→ **Activity**
This exercise requires an exact output of the listing, images omitted.
START Data segment
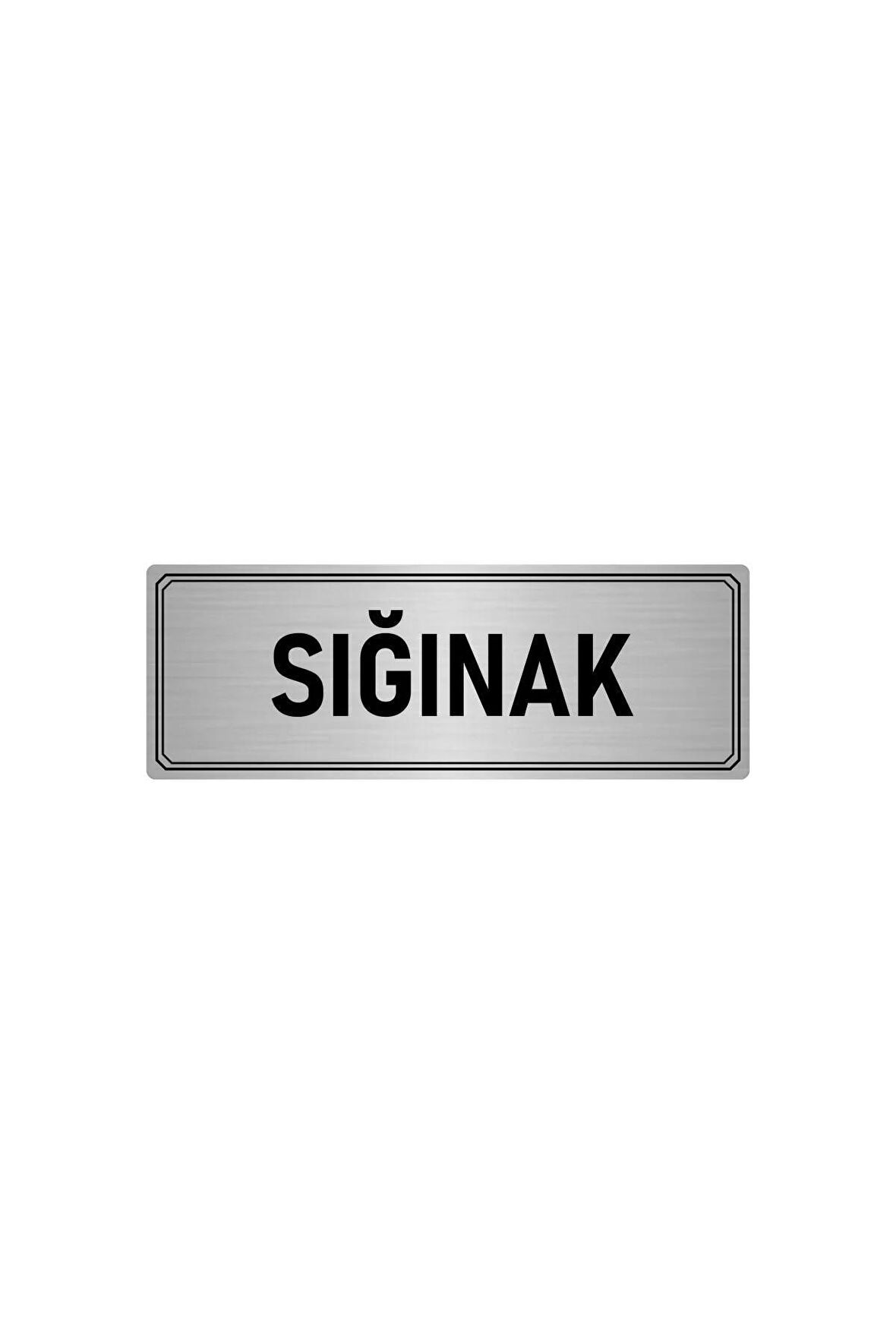 Metal Yönlendirme Levhası, Departman Kapı Isimliği Sığınak 7x20 Cm Gümüş Renk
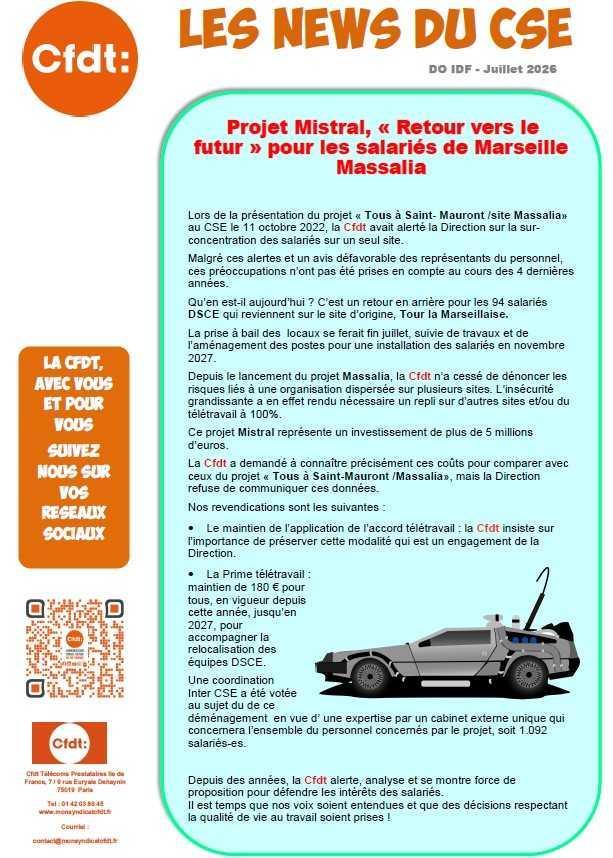 Les News du CSE de juillet 2026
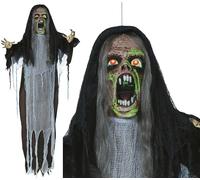 FIESTAS GUIRCA | Suspension Monstre avec Lumière, Son et Mouvement (180 cm) - Décoration d'Halloween pour Fêtes et Célébrations - Idéal pour Ambiances Terrifiantes et Scénarios de Peur - Noir et Gris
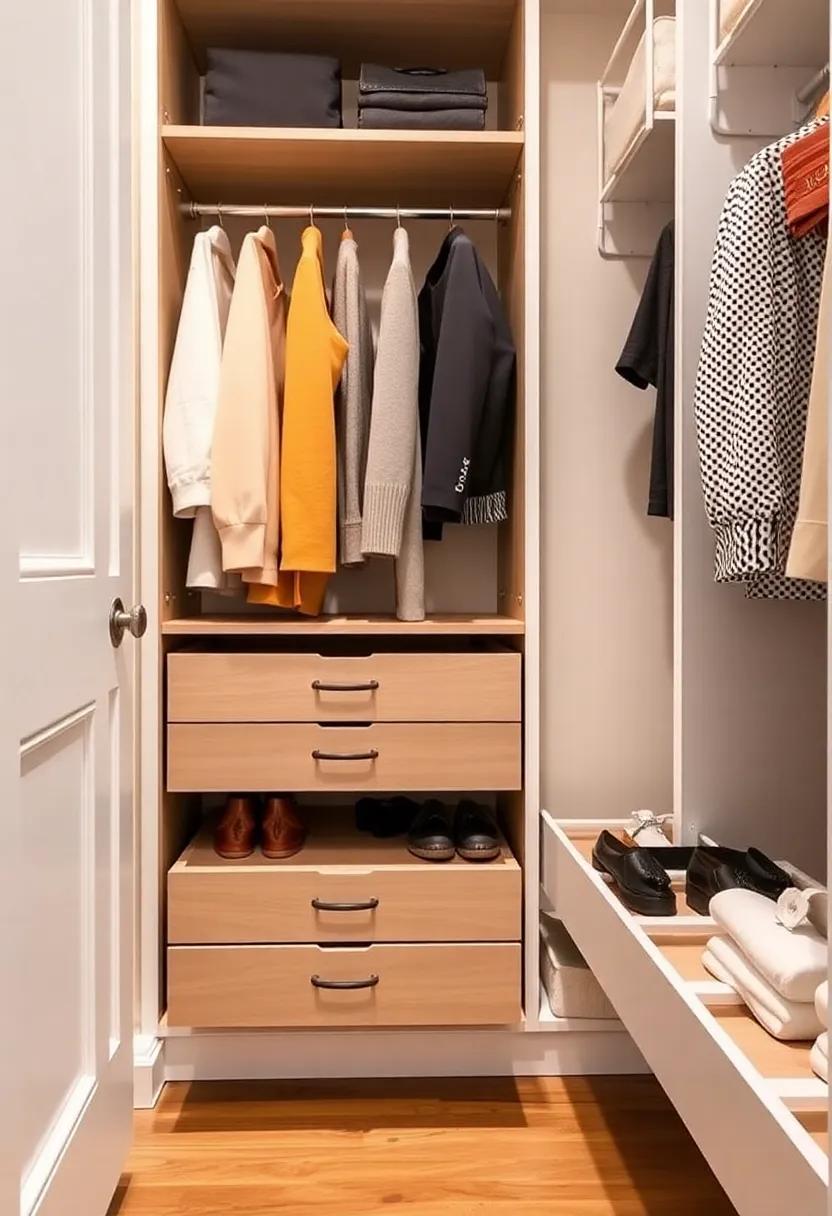 Smart ​Organizers: Incorporate⁤ innovative storage solutions ‍with sliding racks and pull-out drawers to keep your ⁣garments‌ organized while maintaining an effortlessly ⁤chic‍ appearance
END Data segment
→ **Solution**
 Metal Yönlendirme Levhası, Departman Kapı Isimliği Sığınak 7x20 Cm Gümüş Renk
 Les News du CSE de juillet 2026
 FIESTAS GUIRCA | Suspension Monstre avec Lumière, Son et Mouvement (180 cm) - Décoration d'Halloween pour Fêtes et Célébrations - Idéal pour Ambiances Terrifiantes et Scénarios de Peur - Noir et Gris
 Smart ​Organizers: Incorporate⁤ innovative storage solutions ‍with sliding racks and pull-out drawers to keep your ⁣garments‌ organized while maintaining an effortlessly ⁤chic‍ appearance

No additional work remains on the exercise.